Example where a Bland-Altman plot is appropriate
Using $N=118$, I generated PMAC1 and PMAC2 independently from two normal distributions with means 1 and 4, respectively, and SD=3.5. This assumes PMAC1 and PMAC2 are continuous (not ordinal). I created a Bland-Altman plot below, with lines for the mean difference $\bar{d}$ and the limits of agreement in gray.

You can see that the histogram of the differences (on the right side of the figure) is symmetric. The 95% limits of agreement actually capture exactly 95% of the differences. This plot provides a sense of how close (or alternatively, different) the two measures are. There is no statistical testing or determination of whether or not the limits of agreement are clinically meaningful.
Case of ordinal measure where a Bland-Altman plot is probably not ideal
Using $N=118$, I cooked up example data where PMAC1 and PMAC2 are ordinal variables taking on integer values from 0 to 5. I created a Bland-Altman plot below, with lines for the mean difference $\bar{d}$ and the limits of agreement in gray.

Things to note:
- When the measure is ordinal with range from 0 to 5, the average between two scores (on the horizontal axis) can only take on values 0, 0.5, 1, 1.5, …, 5. (Note: We can slightly jiggle the average of the two scores by a little random noise to separate the points - see below.) Similarly, the range of differences can only take on integer values between -5 and 5.
- The distribution of the differences doesn’t look symmetric (i.e., not normally distributed).
- The 95% limits of agreement don’t necessarily provide a good sense of the range of differences.
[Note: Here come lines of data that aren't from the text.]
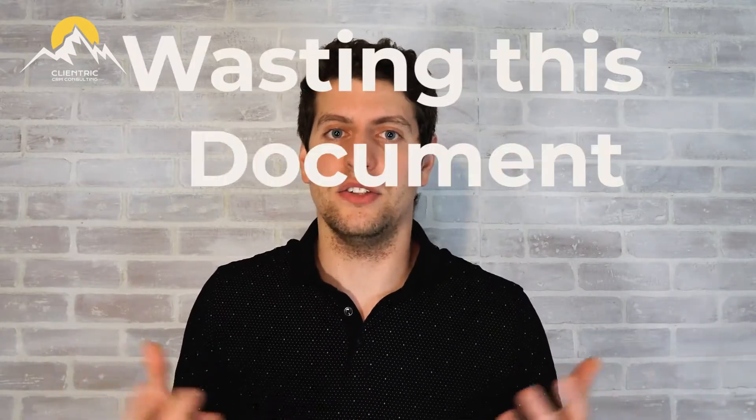Number one, you want to make sure that your filters are set properly. If you're not using filters, you're just wasting this document management system. Most of them should have some sort of filters that you can utilize, and you should be setting them up properly — choosing the right filters based on the business logic you have within your law firm.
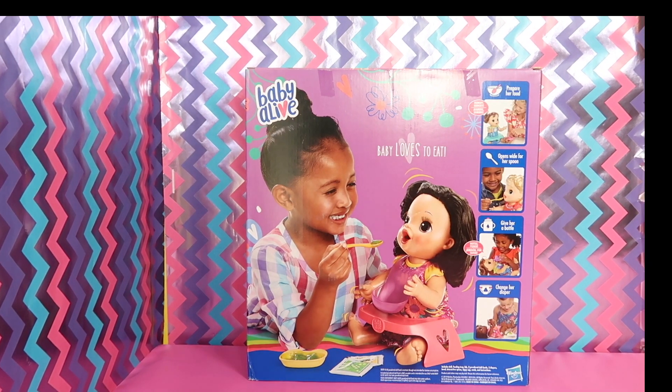Should we feed her peas or bananas? We'll go with bananas. We're going to fill the bowl with water up to the little line — I like how they have the line so you don't overfill. Now I'll add the banana food — it's yellow powder. This is a lot thicker than what I'm used to making for the dolls.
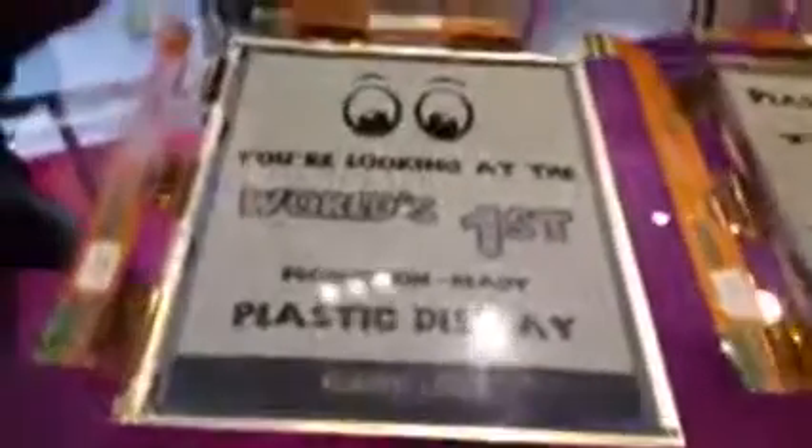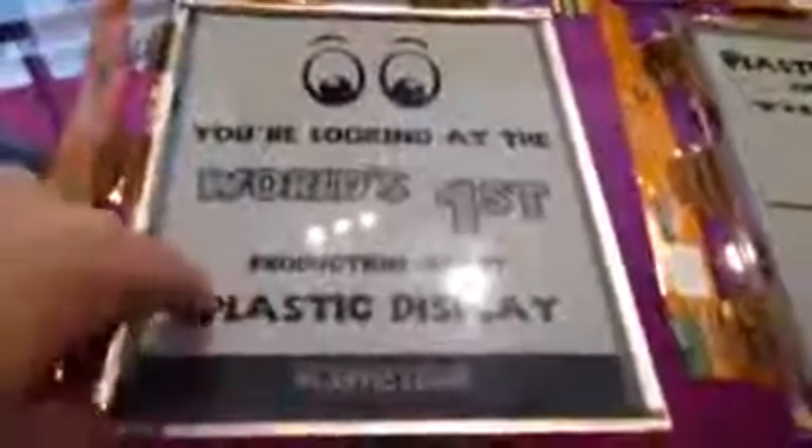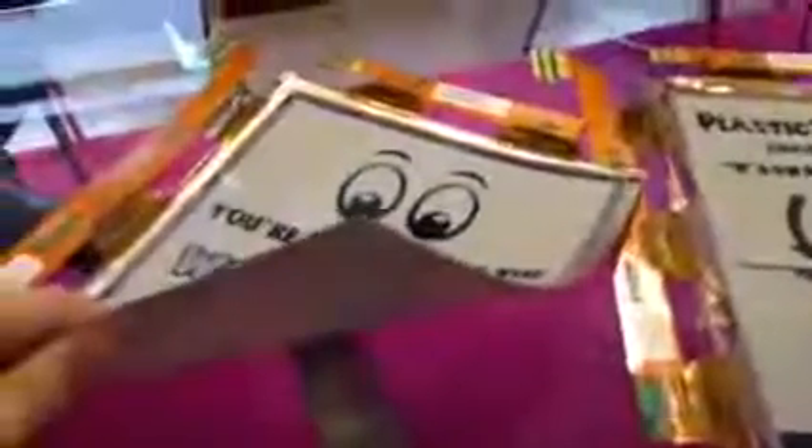Plastic Logic recently invited journalists to view demonstrators of its technology in London. The display developer had a number of different applications on show for its technologies, as well as simple demonstrators showing how flexible displays can be.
In this example, the 95% limits of agreement capture 89% of differences.
- Bland and Altman suggest that log-transforming can help when the distribution of differences is not symmetric. It doesn’t help in this case. (See figure below.)


Regardless, I think it’s valuable that the Bland-Altman plot can provide a visual illustration of the pairwise differences observed in the data even if the 95% limits of agreement do not contain roughly 95% of the differences.